Click here to get a PDF of our new review paper about the use of network methods in the climate sciences. It is co-authored by Juan Rocha of Stockholm Resilience Center and myself.
Since almost a week it is on hold for moderation at arXiv for unknown reasons, in the meanwhile I’m happy to share it here. Finally, it’s out on arXiv. But this could also be a good excuse to write a short blog post with some informal thoughts.
Energy Basis for Man and Nature (1976) by the ecologist couple Howard and Elizabeth Odum is one of the most fascinating books I know. It is chock-full of complicated systems diagrams and cartoons. Odum and Odum typically use their diagrams to summarize a wordy description—as climaxes that the text builds up to—while the cartoons serve as semi-political commentary.
It took me a long time to appreciate the science of Odum and Odum. Statistical physicists have a penchant for simple “toy models”—mechanistic models of an isolated emergent phenomenon that are simple enough to give the feeling of constituting an explanatory unit. Systems diagrams, I thought, only provided the information that “things are complicated”.
I guess it is not too misleading to call the 1970s the heyday of systems diagrams. Yet more influential texts, like Limits to Growth, also had a fair share of such. At this time, climate models were still not that complicated, but today they have caught up with the systems diagrams of yore. The figure below, from Knutti and Rugenstein, shows the dependencies of the modules of a contemporary global-circulation model—the type of model informing IPCC and decision-makers worldwide.

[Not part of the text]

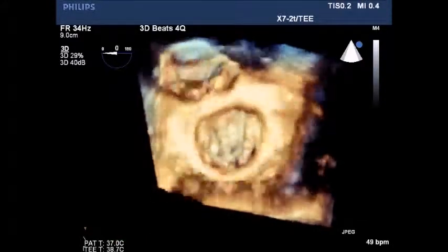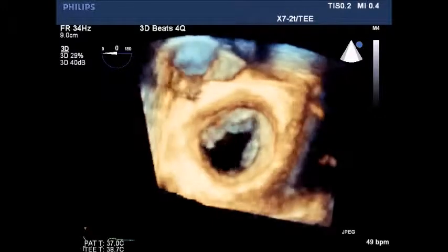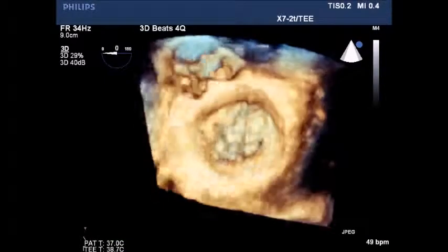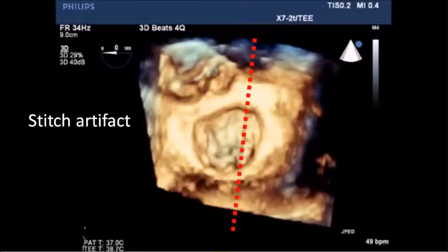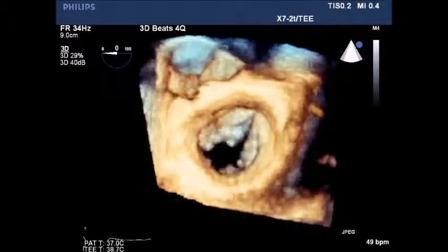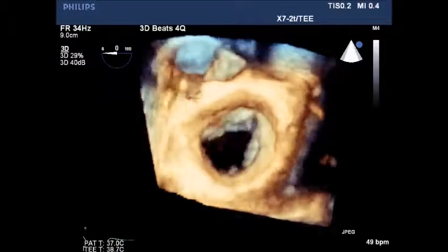At 8 o'clock you can note the entrance of the left atrial appendage. The mitral valve is divided into 1, 2, and 3 regions to facilitate orientation and description. There was also a stitch artifact created while the image was recomposed by the computer.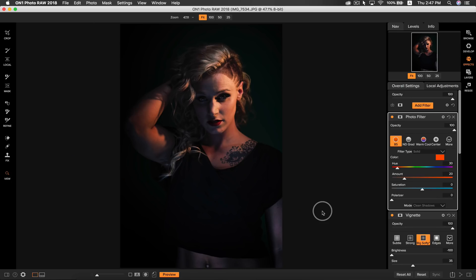The second tip I want to show you is how you can use copying and pasting or syncing settings to add style to a series of portraits. Syncing settings is extremely easy in PhotoRAW. There's two simple ways of doing it. The first way is to have your photo open in either develop or effects with adjustments applied.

There are very fundamental differences between the systems diagrams and climate models. The latter is not a goal of the research but a beginning. Climate models are also quantitatively carefully validated. Still, the similarity is striking—they are all networks and can be understood as such. We can use network tools to find important nodes and communities, etc. Maybe such insights were also part of the system-science thinking of the 1970s, but somehow books don’t stress how things are connected. Instead, they often point out the existence of feedback loops, which strike network scientists as odd. It would be more remarkable if there were no cycles in a not extremely small graph.
Finally, I no longer believe the argument (by the toy-modeler in me) that complicated systems diagrams and the multiparameter models you could construct from them do not add much to our understanding. Not making such diagrams almost means you are not trying to understand a situation at all. You cannot replace a systems diagram of the energy flows on earth by a simple toy model. Complexity paradigms like “more is different” and “complexity emerging from simple rules” are not the only ways of being intergrative and holistic. When things are complicated, rather than complex, we have to study systems differently, but network methods can still be useful.
Absolutely finally, the preprint by Rocha and myself also discusses many other types of networks in the climate sciences. I hope you’ll like it.